One of the greatest fears people have when they are considering credit card debt settlement is being sued by a creditor or debt collection company. The question is often asked, "What are the chances of them suing me while I'm trying to work out a credit card debt settlement?" To understand the answer you must first understand the process of debt collection litigation.
In this session were going to take a look at the hoops a creditor or debt collection company must jump go through in order to sue a debtor. This knowledge will help you understand your chances of being served with a lawsuit or hit with a wage garnishment.
Ever heard this conversation before? "Sir / ma'am, if we do not receive a payment by this Friday, unfortunately you leave us no other alternative but to sue you." Threatening debtors with lawsuits, wage garnishments and arrests have been a staple in the debt collector's arsenal for years. If you are trying to work out a credit card debt settlement, you need to know the facts about being sued for unsecured debt. Note, I said unsecured debt; secured debt is a whole other subject.

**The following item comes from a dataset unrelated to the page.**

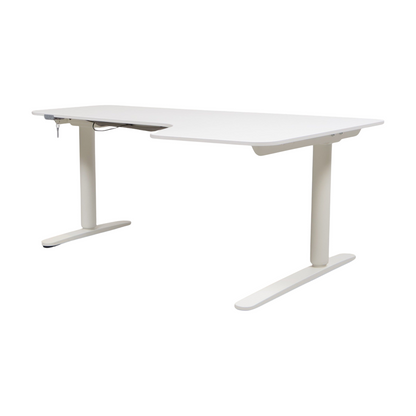 (160x110) IKEA Bekant el hev/senk i hvit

Credit card debt settlement is really the way to go as opposed to bankruptcy but it does offer some potential challenges you will not experience with bankruptcy. The one big one is; once a person files bankruptcy, all creditors must cease their collection activities! With credit card debt settlement, creditors are not required by law to cease in their attempts to collect. That being said, here are the normal steps a creditor or debt collection agency has to go through in preparation to sue a debtor.
Step # 1 – Assets Investigation: It serves no purpose satisfying someone who can ill afford to pay. As the old saying goes, "You can not squeeze blood from a turnip!" This first step involves hiring an Assets Investigator to determine the likelihood of collecting the judgment in the event that they do sue and win. A typical investigation may include the following: skip tracing, verification of employment income, corporate affiliations, liens, judgments and bankruptcies, professional licenses, real property, automobiles, bank accounts, brokerage accounts, water vessels and aircraft. It will also include personal information confirmation such as: date of birth, social security number, social security number fraud check, address history, divorce records, name of spouse and children and child support payments.
The average going rate for an assets investigation is around $ 400.00 plus expenses when applicable. This step is vital because it does not make good business sense for a company to sue if they do not know if their judgment will be collectible. No sane company is going to skip this step.
Step # 2 – Hire an Attorney: As you know, hiring an attorney is not cheap no matter what the issue is. A creditor or debt collector can expect to pay anywhere from $ 150.00 per hour for an attorney right out of law school and $ 225.00 and upward for an experienced attorney. We've only been through two steps and already you can see why credit card debt settlement is a better option than a lawsuit.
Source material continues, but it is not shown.